O Brasil e a água: um gigante ameaçado
O Brasil, dono de 12% da água doce do mundo, deveria ser referência em gestão hídrica. No entanto, enfrenta uma dura realidade: desperdício, desigualdade na distribuição e rios cada vez mais poluídos.
- O paradoxo do Nordeste: Mesmo com grandes aquíferos subterrâneos, a região ainda depende do regime de chuvas para a sobrevivência de milhões de pessoas. A transposição do São Francisco trouxe alívio, mas não resolveu as questões estruturais da gestão hídrica.
- Amazônia: a ilusão da abundância: A maior bacia hidrográfica do mundo sofre com a contaminação por mercúrio, resultado do garimpo ilegal, além da degradação de nascentes e desmatamento, que alteram o ciclo hidrológico da floresta.
- Crise nas metrópoles: Cidades como São Paulo enfrentam crises hídricas recorrentes, resultado do desmatamento nas áreas de mananciais e da falta de infraestrutura para reduzir perdas no sistema de abastecimento. Atualmente, cerca de 37% da água tratada no país é perdida antes de chegar às torneiras, um índice alarmante.
O futuro da água: entre a esperança e a urgência
Se a água é a essência da vida, protegê-la é um ato de sobrevivência coletiva. Cada ação conta, e o momento de agir é agora: preservar nascentes, reduzir desperdícios e exigir políticas públicas responsáveis. O destino da água é o nosso próprio destino. Não há mais espaço para negligência ou adiamento de soluções. O futuro das sociedades depende de novos modelos de gestão hídrica, incentivos à economia circular da água, avanços na dessalinização e investimentos em infraestrutura sustentável.
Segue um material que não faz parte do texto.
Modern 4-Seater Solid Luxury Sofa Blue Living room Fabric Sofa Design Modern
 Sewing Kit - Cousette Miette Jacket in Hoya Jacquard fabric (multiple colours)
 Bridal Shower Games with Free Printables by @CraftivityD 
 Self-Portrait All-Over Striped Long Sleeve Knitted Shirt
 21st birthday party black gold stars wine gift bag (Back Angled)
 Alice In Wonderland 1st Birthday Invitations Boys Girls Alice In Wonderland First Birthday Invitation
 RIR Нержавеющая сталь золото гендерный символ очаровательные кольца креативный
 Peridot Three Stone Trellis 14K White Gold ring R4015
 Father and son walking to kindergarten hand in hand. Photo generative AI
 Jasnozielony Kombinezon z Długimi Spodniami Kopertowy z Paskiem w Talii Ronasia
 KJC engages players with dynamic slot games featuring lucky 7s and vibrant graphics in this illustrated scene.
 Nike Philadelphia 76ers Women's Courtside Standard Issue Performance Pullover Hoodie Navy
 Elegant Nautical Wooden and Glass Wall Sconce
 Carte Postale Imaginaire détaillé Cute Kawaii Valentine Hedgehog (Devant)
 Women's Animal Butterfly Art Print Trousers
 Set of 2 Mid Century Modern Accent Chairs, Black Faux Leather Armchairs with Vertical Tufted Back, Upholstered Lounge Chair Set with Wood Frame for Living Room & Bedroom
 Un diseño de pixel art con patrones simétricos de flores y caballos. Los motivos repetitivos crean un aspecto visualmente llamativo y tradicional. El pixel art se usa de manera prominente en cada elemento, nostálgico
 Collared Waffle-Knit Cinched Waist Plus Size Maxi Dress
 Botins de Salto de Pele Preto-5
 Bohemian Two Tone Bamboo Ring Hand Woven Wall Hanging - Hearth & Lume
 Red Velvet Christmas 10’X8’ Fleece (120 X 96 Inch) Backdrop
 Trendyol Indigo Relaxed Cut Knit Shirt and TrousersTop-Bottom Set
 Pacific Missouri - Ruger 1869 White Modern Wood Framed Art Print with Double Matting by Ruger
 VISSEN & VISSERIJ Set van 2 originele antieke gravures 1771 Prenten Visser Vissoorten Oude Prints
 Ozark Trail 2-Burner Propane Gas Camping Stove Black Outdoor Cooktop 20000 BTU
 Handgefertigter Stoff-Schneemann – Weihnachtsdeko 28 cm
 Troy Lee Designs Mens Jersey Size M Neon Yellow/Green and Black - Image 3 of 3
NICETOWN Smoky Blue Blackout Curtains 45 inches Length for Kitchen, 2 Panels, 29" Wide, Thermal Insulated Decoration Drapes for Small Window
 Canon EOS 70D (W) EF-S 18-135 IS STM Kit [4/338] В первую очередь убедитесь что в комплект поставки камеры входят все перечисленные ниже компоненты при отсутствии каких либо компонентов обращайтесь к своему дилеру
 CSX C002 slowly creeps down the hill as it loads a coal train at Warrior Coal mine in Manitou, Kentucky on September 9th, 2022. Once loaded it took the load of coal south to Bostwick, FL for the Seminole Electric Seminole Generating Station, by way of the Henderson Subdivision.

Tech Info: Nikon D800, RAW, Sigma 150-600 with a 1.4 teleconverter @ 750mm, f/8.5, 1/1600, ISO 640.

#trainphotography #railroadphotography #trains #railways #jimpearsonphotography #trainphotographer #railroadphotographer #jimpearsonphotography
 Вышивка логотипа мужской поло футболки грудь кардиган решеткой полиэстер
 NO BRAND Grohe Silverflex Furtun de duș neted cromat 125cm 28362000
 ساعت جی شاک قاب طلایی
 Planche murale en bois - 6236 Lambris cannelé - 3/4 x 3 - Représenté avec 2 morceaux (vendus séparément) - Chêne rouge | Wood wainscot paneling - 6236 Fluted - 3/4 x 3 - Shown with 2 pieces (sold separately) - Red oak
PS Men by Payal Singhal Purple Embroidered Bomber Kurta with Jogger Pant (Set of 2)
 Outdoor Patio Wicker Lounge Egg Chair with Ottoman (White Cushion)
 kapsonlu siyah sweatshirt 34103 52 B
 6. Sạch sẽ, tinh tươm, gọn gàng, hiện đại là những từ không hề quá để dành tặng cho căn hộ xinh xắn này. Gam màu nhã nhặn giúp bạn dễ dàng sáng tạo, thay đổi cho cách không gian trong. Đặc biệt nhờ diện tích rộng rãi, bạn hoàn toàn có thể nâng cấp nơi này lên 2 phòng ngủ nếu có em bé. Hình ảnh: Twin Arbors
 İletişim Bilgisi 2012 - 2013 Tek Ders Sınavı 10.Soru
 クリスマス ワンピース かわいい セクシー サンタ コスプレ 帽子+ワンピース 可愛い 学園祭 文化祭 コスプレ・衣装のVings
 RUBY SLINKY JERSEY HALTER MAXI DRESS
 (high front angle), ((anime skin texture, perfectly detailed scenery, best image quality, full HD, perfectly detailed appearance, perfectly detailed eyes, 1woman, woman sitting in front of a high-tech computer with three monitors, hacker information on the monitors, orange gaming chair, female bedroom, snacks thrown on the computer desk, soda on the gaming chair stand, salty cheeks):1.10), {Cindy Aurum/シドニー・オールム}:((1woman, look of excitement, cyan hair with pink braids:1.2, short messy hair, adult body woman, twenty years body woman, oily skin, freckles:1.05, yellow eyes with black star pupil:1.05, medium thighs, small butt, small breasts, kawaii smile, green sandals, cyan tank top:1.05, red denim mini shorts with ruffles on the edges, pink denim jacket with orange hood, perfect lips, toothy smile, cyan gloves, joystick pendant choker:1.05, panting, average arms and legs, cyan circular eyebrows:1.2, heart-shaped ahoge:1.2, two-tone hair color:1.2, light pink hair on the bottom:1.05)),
Mas também depende de um novo olhar. A água não é um produto, uma mercadoria, uma estatística. É tempo de resgatar a reverência que povos antigos tinham por esse elemento. É tempo de tratá-la como aquilo que realmente é: um pacto sagrado entre a Terra e a humanidade.
Neste Dia Mundial da Água, que possamos enxergar além do reflexo dos rios, lagos e oceanos. Que possamos ver, neles, o próprio reflexo do nosso futuro. E que, ao invés de deixar esse recurso escoar entre os dedos, possamos segurá-lo com o respeito e a responsabilidade que ele merece.